Exercise =>
Transcribe exactly, please, the lines from the one containing "Ninco Yelow and" through the end of the records below, and leave out the pictures.
+++ Data excerpts +++
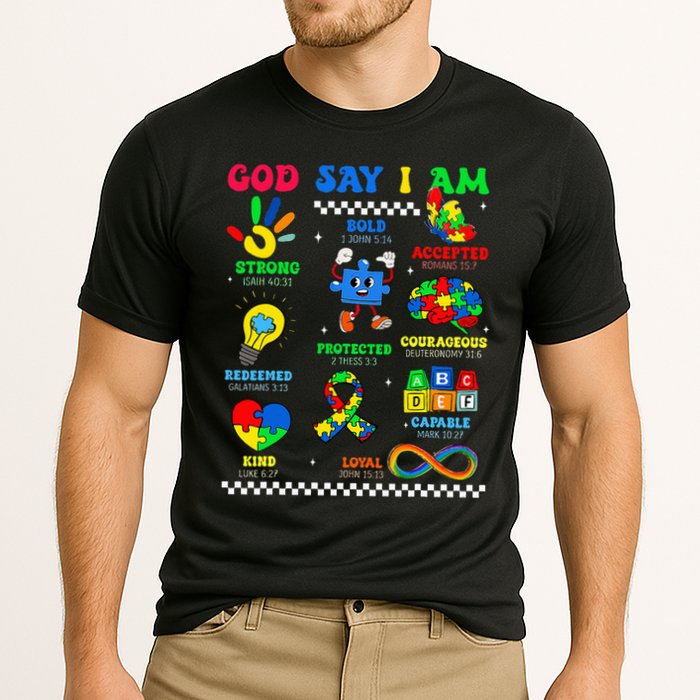 God Says I Am Be Kind Autism Awareness  Cooling Performance Crew T-Shirt
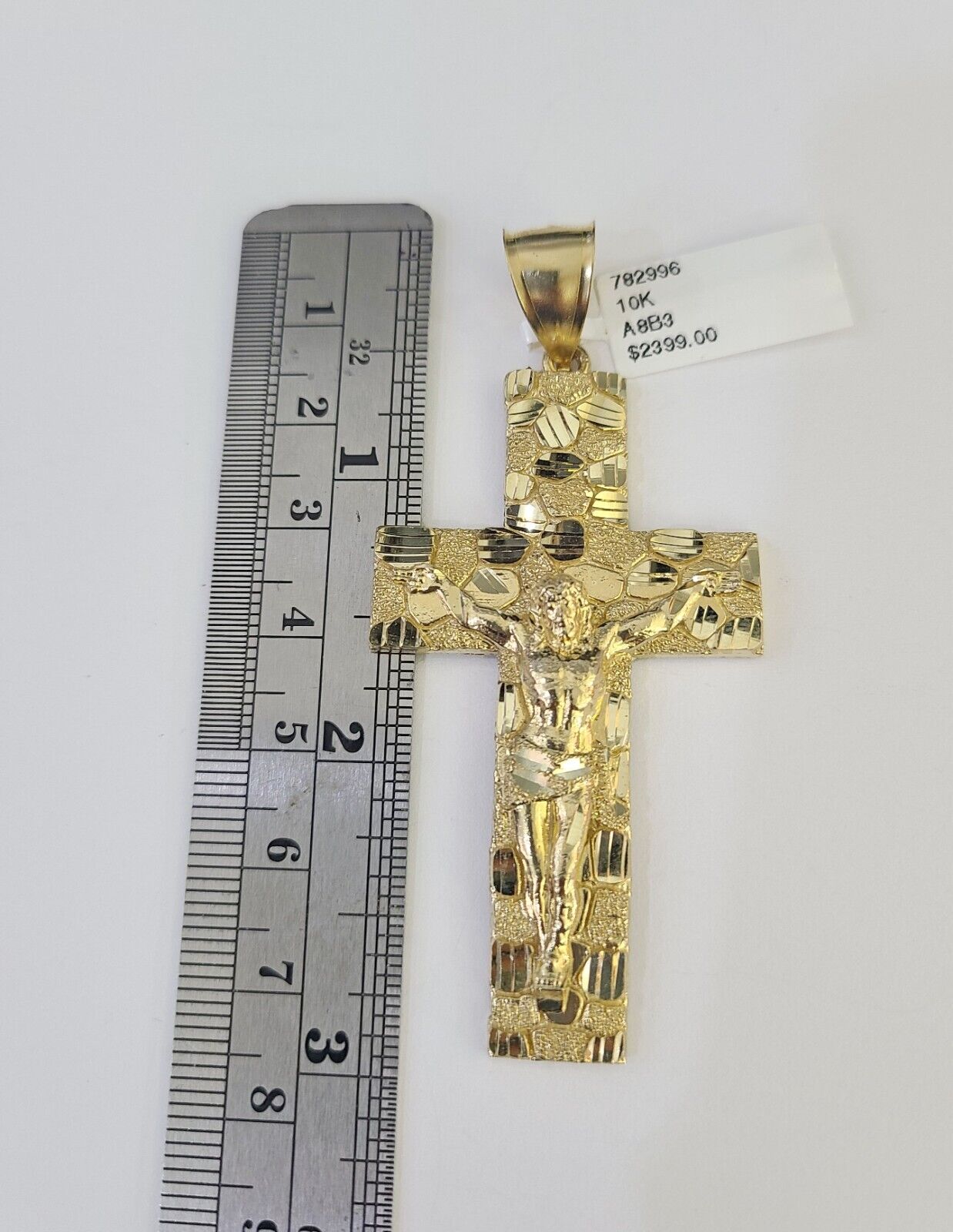 10k Gold Byzantine Necklace Jesus Cross Charm 20-30 inches 6mm SET Chain Pendant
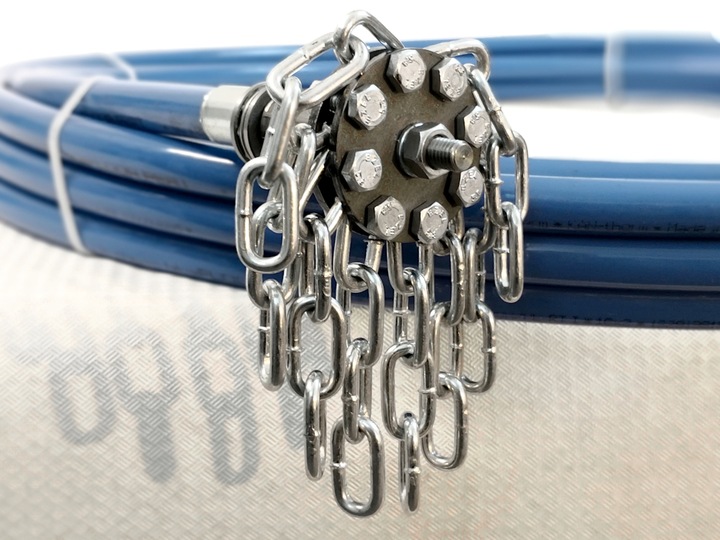 BARDZO MOCNY zestaw szczotka do czyszczenia komina TURBOSPINER 8m PEŁNY WAŁ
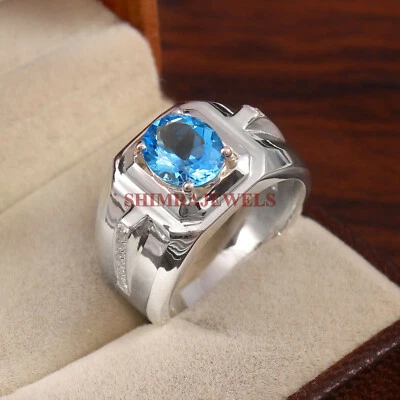 Natural Blue Topaz Gemstone with 925 Sterling Silver Ring for Men's #347 - Image 1 of 3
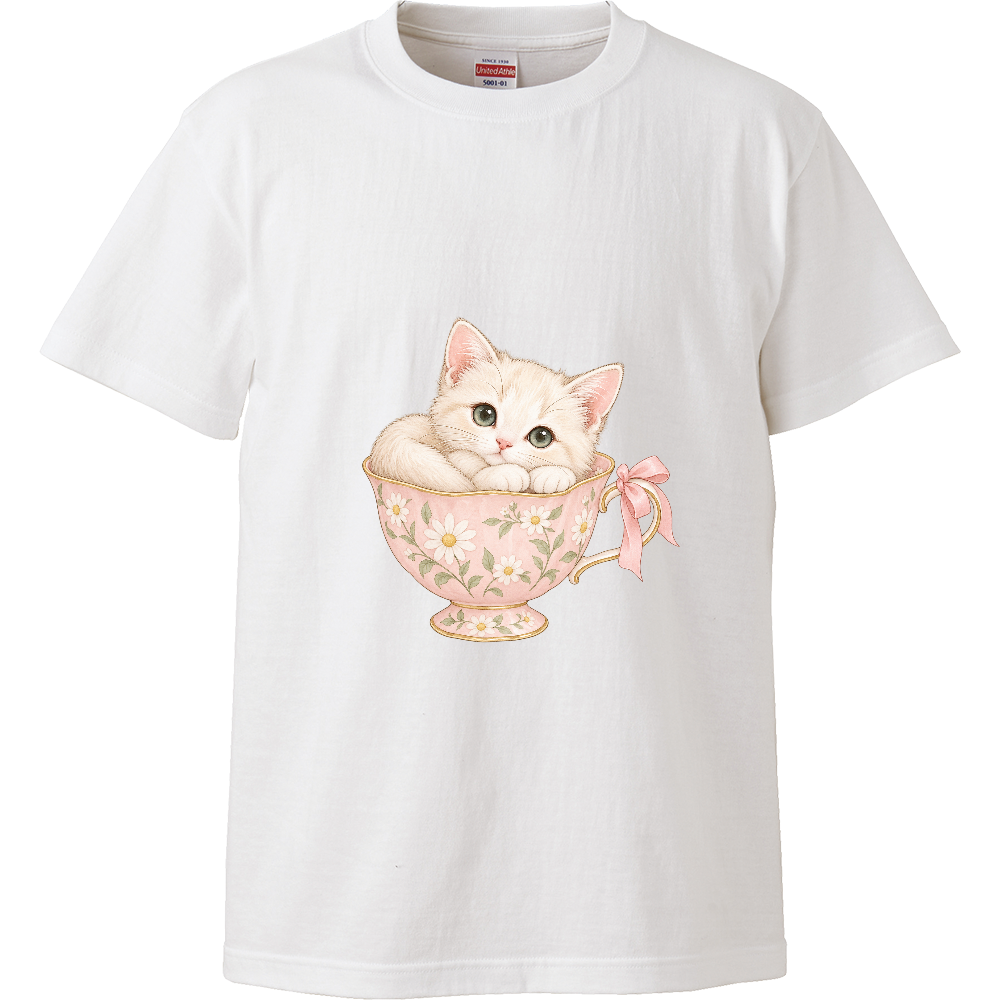 花のカップとこねこ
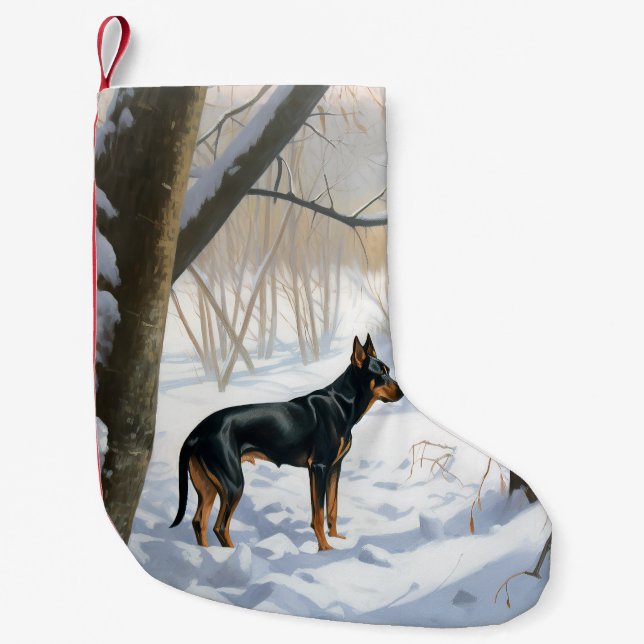 Meia De Natal Pequena Doberman Pinscher Deixe Nevar Natal (Frente)
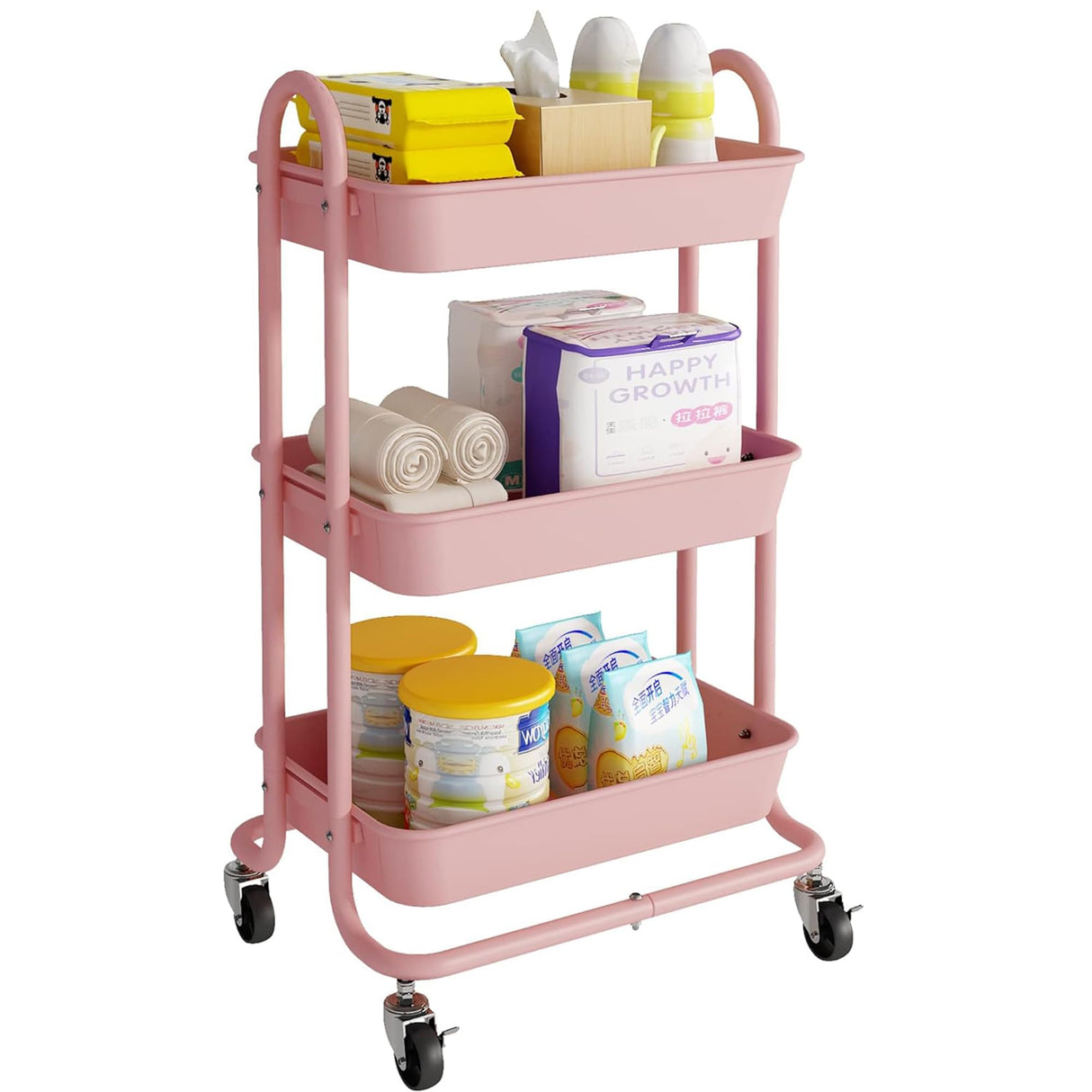 Elitehouse 3-Tier Pink Utility Rolling Cart,Kitchen Storage Carts with Wheels and Plastic Baskets,Pink Rolling Cart for Office,Home,Kitchen,Garden（18"x11.4"x31.2"） Elitehouse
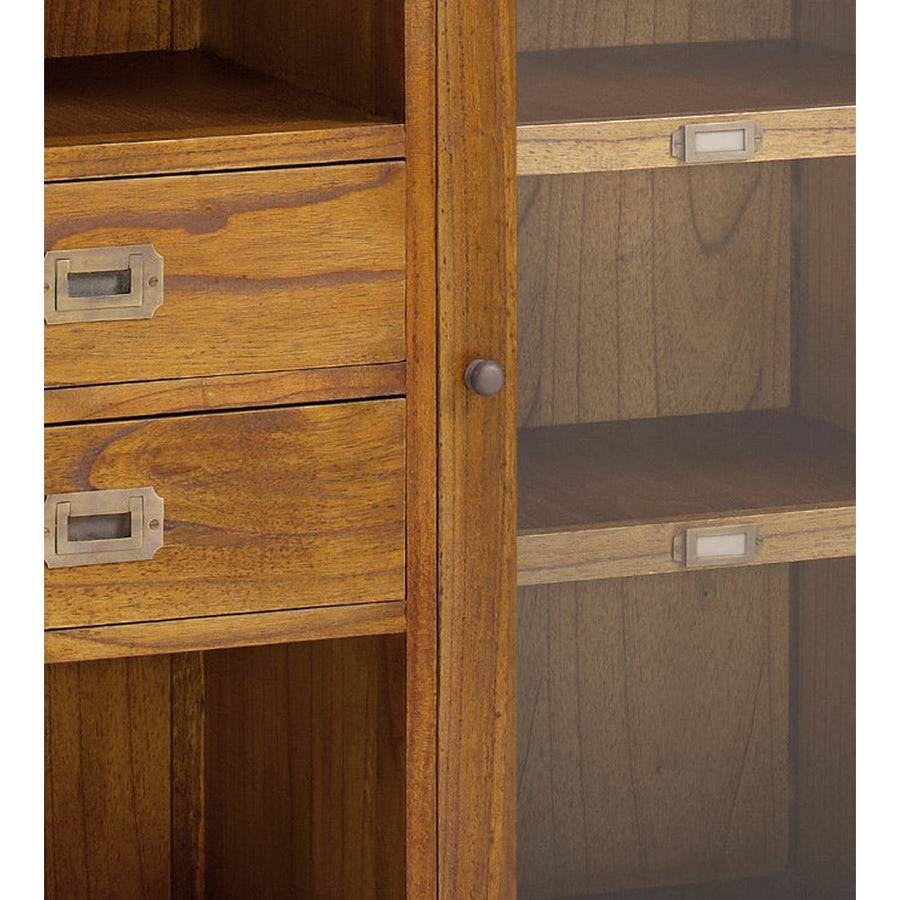 Loft stílusú, mindifából készült vitrines tároló két nyitott polccal, két fiókkal és üveges tárolóval.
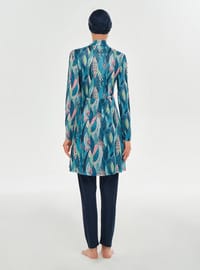 Langärmliger Burkini Dunkel Marineblau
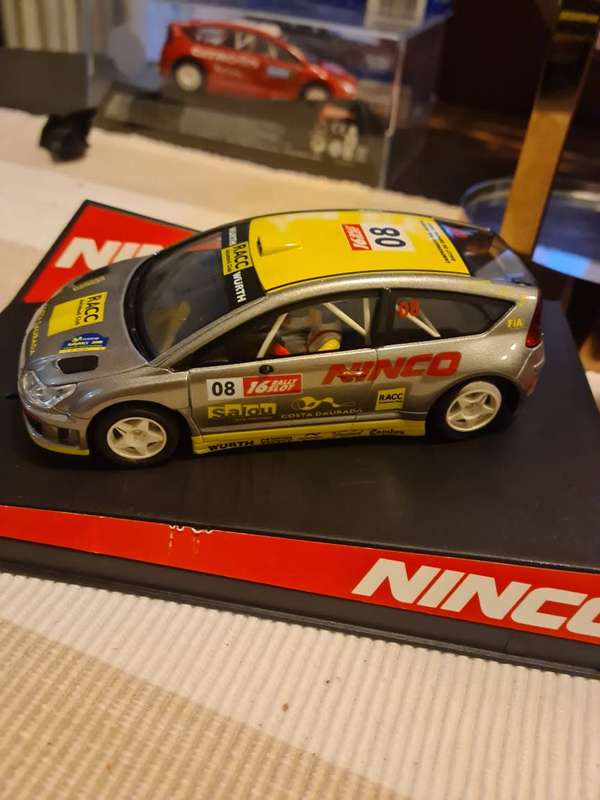 Ninco Yelow and Silver Citroen C4 Racing Slot Car(WORKS ON SCALEXTRIC)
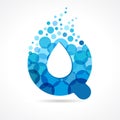 Q logo blue coloured bubbles and drops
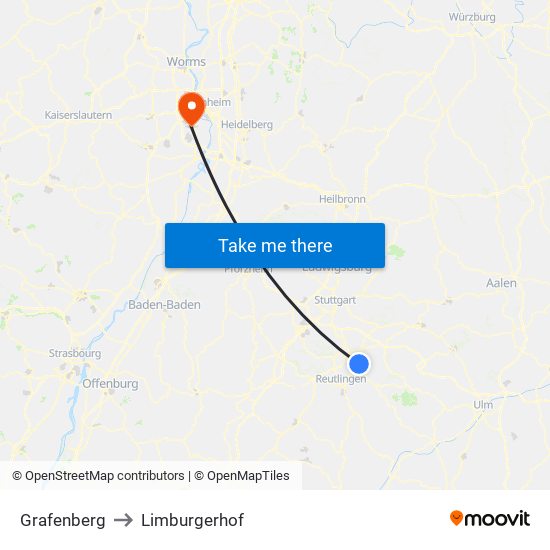 Grafenberg to Limburgerhof map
+++
Finished exercise =>
 Ninco Yelow and Silver Citroen C4 Racing Slot Car(WORKS ON SCALEXTRIC)
 Q logo blue coloured bubbles and drops
 Grafenberg to Limburgerhof map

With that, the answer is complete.